Endlich macht sein verwirrter Gesichtsausdruck einem leichten Grinsen Platz. „Seit drei, um genau zu sein.“
„Lass mich raten: Genauso lange schreit er auch schon?“, tippe ich und nicke in Richtung meines weinenden Neffen.
„Ungefähr, ja.“
„Was hat er?“
„Er hat angefangen zu zahnen“, sagt mein Bruder mit diesem stolzen Unterton, den nur Eltern draufhaben und mit dem sie sogar die Erzählung, wie ihr Nachwuchs zum ersten Mal aufs Töpfchen gegangen ist, klingen lassen, als habe er den K2 bezwungen.
„Ein Grund mehr, keine Kinder zu bekommen.“
„Eines fernen Tages wirst auch du die Freuden des Elterndaseins zu schätzen wissen“, orakelt er.
„Mit Betonung auf fern.“
Er lächelt schief. „Kannst du mir bitte mal verraten, warum du am Samstag um acht Uhr bei uns auf der Matte stehst. Wir hätten alle noch schlafen können.“
„Wir wissen beide, dass Wochenenden für euch nicht existieren. Also freu dich lieber, dass du in den seltenen Genuss kommst, mit deiner Schwester frühstücken zu dürfen“, halte ich dagegen und drücke ihm die Brötchen in die freie Hand. „Ich decke sogar den Tisch, wenn du es schaffst, diese Sirene da zum Schweigen zu bringen“, füge ich mit Blick auf Nick hinzu.
Er will etwas antworten, wahrscheinlich: „Rede nicht so gemein über meinen Sohn“, doch er kommt nicht dazu, denn in diesem Moment poltern zwei Kinderfüße die Treppe herunter, gefolgt von nicht weniger lautstarken Erwachsenenschritten.
„Alina! Dein Rock! Wir müssen den Rock noch anziehen“, höre ich Carolin rufen, aber meine Nichte hat anscheinend beschlossen, heute ohne Rock herumzulaufen.
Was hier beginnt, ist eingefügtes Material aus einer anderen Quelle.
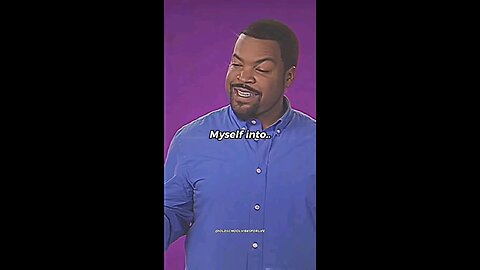 IceCube changes into what now?!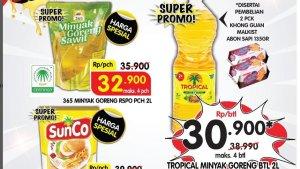 PROMO-Superindo-Hari-Ini-20-Juni-2023-Minyak-Goreng-Sawit-2L-Rp32-Ribuan.jpg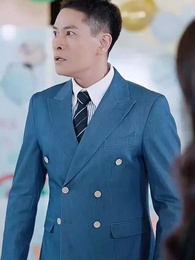 第14集 - 愛的禮物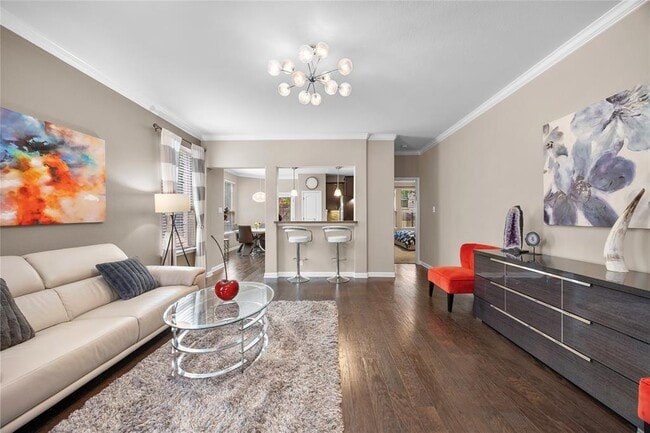Building Photo - 7308 Bandera Ranch Trail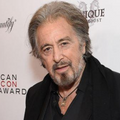 Beautify® Supports the American Icon Awards Honoring Al Pacino, Quincy Jones & Evander Holyfield  Benefiting St. Jude Children’s Hospital & Autism Works Now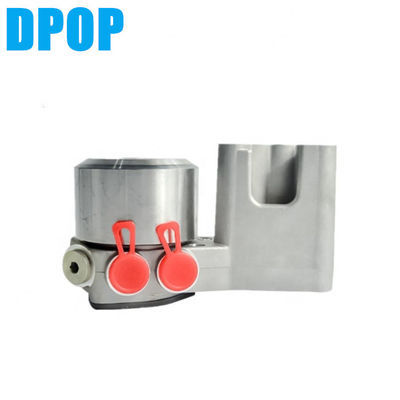 OEM 04252948 04282358 04288617 02113757 Untuk Pompa Bahan Bakar DEUTZ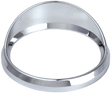 Freightliner Century - Gauge Cover Speed & Tach - HD Truck Source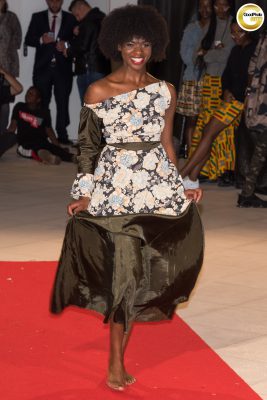 Fashion Show München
Sie kommt bloß mit T-Shirt und Unterhose bekleidet die letzte Stufe heruntergehüpft und springt mir von dort aus direkt in die Arme.
„Mia!“
„Hey, kleine Maus“, lache ich über ihre stürmische Begrüßung und wirbele mit ihr einmal im Kreis herum.
Sie strahlt mich an.
Alina ist das einzige Argument, was mich noch nicht vollends von dem Gedanken abgebracht hat, irgendwann einmal Kinder zu bekommen. Mit ihren honigblonden Haaren und den pazifikblauen Augen sieht sie aus wie eine Miniaturausgabe von Carolin, die die gleichen weichen Gesichtszüge hat. Nick hingegen lässt mit seinen sieben Monaten bereits mehr die markante Kinnpartie und das dichte, braune Haar meines Bruders erkennen. Natürlich benimmt sich Alina keineswegs immer so engelhaft wie sie aussieht. Für ihre vier Jahre ist sie geradezu beängstigend clever und nutzt ihr Pfiffigkeit mit Vorliebe dazu, ihre Eltern in den Wahnsinn zu treiben. Mich dagegen kann sie mit einem einzigen Augenaufschlag komplett um den Finger wickeln.